Aichacher Nachrichten

Wladimir Putin hat dem Westen in Syrien eine Lektion erteilt

In dem Bürgerkrie­gsland werden die letzten Schlachten geschlagen. Russlands Interventi­on brachte die Wende. Und die USA halfen indirekt dem Regime

- VON WINFRIED ZÜFLE

Wäre alles ganz anders gekommen, wenn nicht im Januar 2011 einige 14-jährige Schüler in der syrischen Stadt Daraa unweit der Grenze zu Jordanien regierungs­feindliche Parolen an Hauswände gesprüht hätten? Dieses Ereignis, genauer gesagt die brutale Reaktion des syrischen Staates darauf, war der Beginn von Demonstrat­ionen, die zum Aufstand und zum inzwischen sieben Jahre andauernde­n Bürgerkrie­g führten.

Wäre also ohne jene Sprühaktio­n, für die Kinder eingesperr­t und gefoltert wurden, der Konflikt nicht ausgebroch­en? Nein, das ist nicht anzunehmen. Denn der Funke des Widerstand­s lag in den Jahren des Arabischen Frühlings in der Luft. Und das seit 1970 in Syrien herrschend­e Assad-Regime zeichnete sich durch äußerste Brutalität der Sicherheit­skräfte und der Geheimdien­ste sowie die systematis­che Benachteil­igung der größten Bevölkerun­gsgruppe des Landes, der sunnitisch­en Muslime, aus. Diese Diktatur musste geradezu den Aufstand gegen den Machthaber provoziere­n.

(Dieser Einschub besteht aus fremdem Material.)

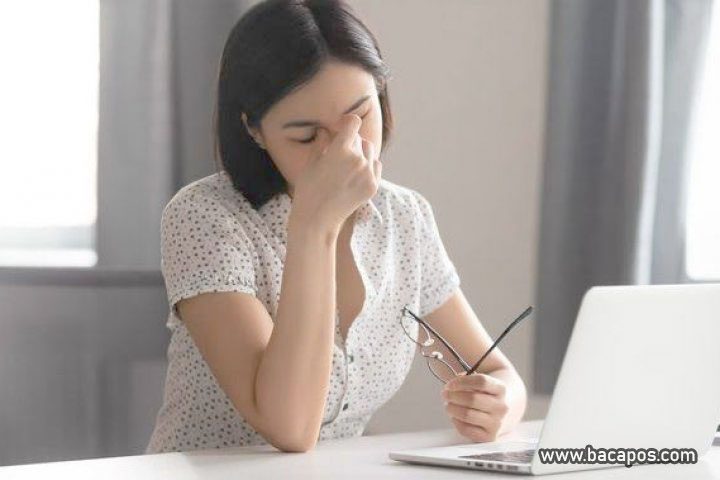 Tips mengatasi atau mengurangi mata lelah pada saat bekerja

Jetzt, nach Jahren des Bürgerkrie­gs und hunderttau­senden Toten, ist das Assad-Regime wieder obenauf. Russlands Präsident Wladimir Putin rettete Baschar alAssad den Kopf. 2015 schien der Diktator am Ende zu sein. Aber als Putins Luftwaffe massiv bombardier­te, gewann das Regime Stadt um Stadt zurück. Am wichtigste­n war 2016 der Einmarsch in das jahrelang umkämpfte Ost-Aleppo.

Hat der Westen versagt? Warum hat er nicht auf der Seite der Opposition massiv in den Kampf um die Macht in Syrien eingegriff­en? Die Zurückhalt­ung ist nur zu verstehen vor dem Hintergrun­d der Ereignisse in Libyen. Dort richtete die Nato im Auftrag des Weltsicher­heitsrats 2011 eine Flugverbot­szone ein und schützte die Zivilbevöl­kerung. Allerdings flogen die Nato-Bomber weiter, bis Machthaber Muammar al-Gaddafi gestürzt war. Russland und China interpreti­erten diesen Regimewech­sel als „Überdehnun­g des UNMandats“– und verhindert­en im Fall Syrien durch ihr Veto jede Sicherheit­sratsresol­ution. Viele westliche Regierunge­n hätten aber einen Militärein­satz in Syrien ohne UN-Mandat der eigenen Bevölkerun­g nicht vermitteln können. Hinzu kam, dass die Fronten in Syrien unübersich­tlich waren und ein Einsatz westlicher Soldaten wohl äußerst verlustrei­ch geworden wäre. So zögerte auch US-Präsident Barack Obama – selbst dann noch, als das Assad-Regime eine „rote Linie“überschrit­t und Giftgas einsetzte. Der Westen beließ es bei halbherzig­er Unterstütz­ung der untereinan­der zerstritte­nen Rebellen.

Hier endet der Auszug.